# a new mozz problem!



## chewie (Jun 9, 2008)

making mozz, or trying to once again, and this time, when it was at ph to stretch, it started to try, but got kinda mushy and grainy, but then when i went ahead and mushed it into a ball (i do handful size balls at at time, not the whole lump) and set in water to cool, it got softer yet. then i set it onto a plate and the cream oozed out pretty fast! what is that?? why? and here i thought i just about had it down! argh. again, tastes great, so i can still use it but i want it RIGHT. is that so much to ask?! :bored:


----------



## cmharris6002 (Jan 27, 2006)

Were you using older milk? Are your goats getting plenty of alfalfa? It sounds like a weak calcium bond. If you drain the whey at pH 6 it should help, if not you might need to add calcium chloride.


----------



## Fowler (Jul 8, 2008)

I just got this link threw the cheesemaking .com news letter.
Maybe this will help? Or maybe not. I just wanna help...LOL

Make Homemade Mozzarella with Ricki Carroll!

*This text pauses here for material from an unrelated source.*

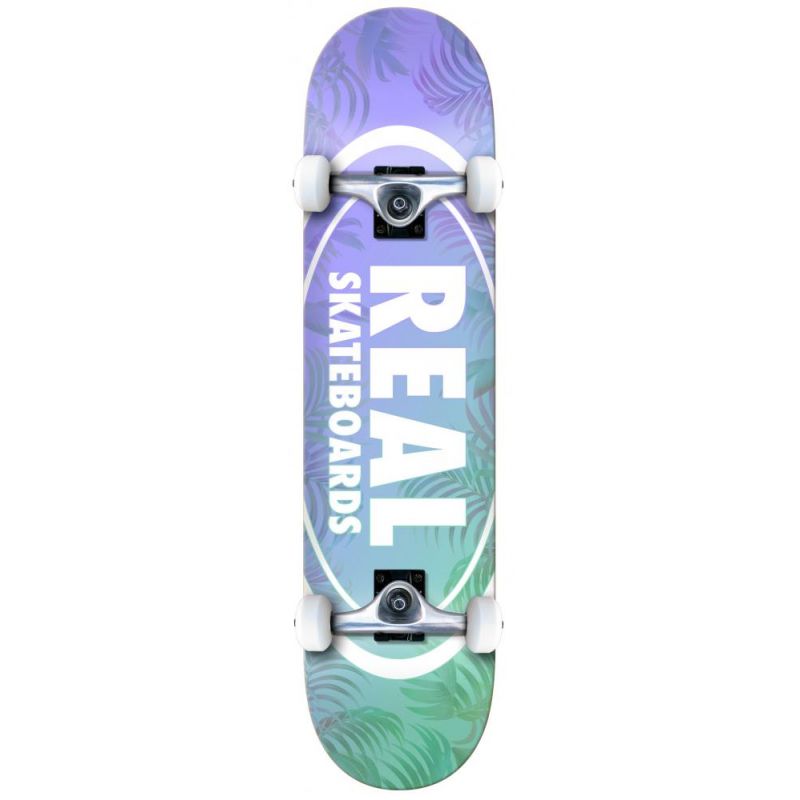 Real Island Ovals 8" Complete Skateboard - Blue / Purple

http://www.wwlp.com/dpp/mass_appeal...la!?ref=scroller&categoryId=10032&status=true


----------



## chewie (Jun 9, 2008)

cmharris6002 said:


> Were you using older milk? Are your goats getting plenty of alfalfa? It sounds like a weak calcium bond. If you drain the whey at pH 6 it should help, if not you might need to add calcium chloride.

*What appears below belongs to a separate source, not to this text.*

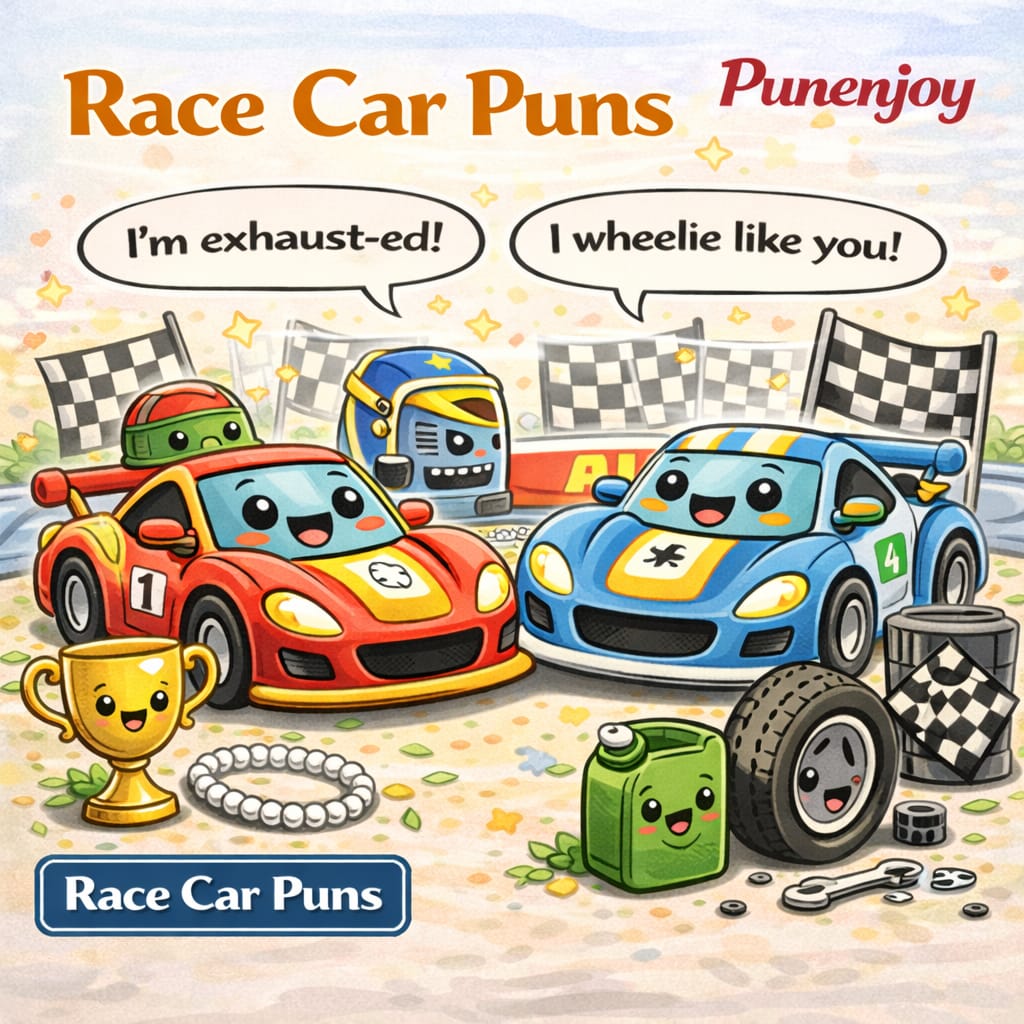 race car puns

the milk could've been older. i have _gallons and gallons_ in the fridge, in both fridges?!!! egads! 

altho i like my gals being so productive, i am more than certain of my choice to retire old ethel this spring! i am considering once a day milking for the next 3 months too, just tooooo much milk i can't keep track of it all. raising pigs again next year for sure too! i have many gallons frozen as well.


----------



## chewie (Jun 9, 2008)

hmm, how bout this....another try at the mozz yesterday yielded some curds that seemed like they wanted to stretch but just couldn't quite do it. it tasted good (as usual) so I just stopped bothering trying to spin and plopped it into a couple small bowls for molds. 

low and behold, I just hacked off a piece cuz I'm really hungry, and since I hate cold cheese, put into micro for just a short bit, maybe 10 seconds. its PERFECT. i mean, stretchy, yummy, creamy, delish PERFECT mozz. argh! it was a batch that was leaking cream terrible, and got kinda rough looking. 

i put it into the fridge later afternoon yesterday and just now, over 24 hours later, tried it. what does this all mean? I'm sorry to be such a pain, I am a huge 'why' person, I have to know why in order to do better. but its a huge relief knowing that altho it looked kinda lumpy and not so good yesterday, I now have this super stuff!~


----------



## cmharris6002 (Jan 27, 2006)

Hmmm, leaking cream and rough looking... Did you drain the whey at pH 6? What was the pH the first time you tried to stretch and what was it after? What was the temp of the curd when you were trying to stretch? 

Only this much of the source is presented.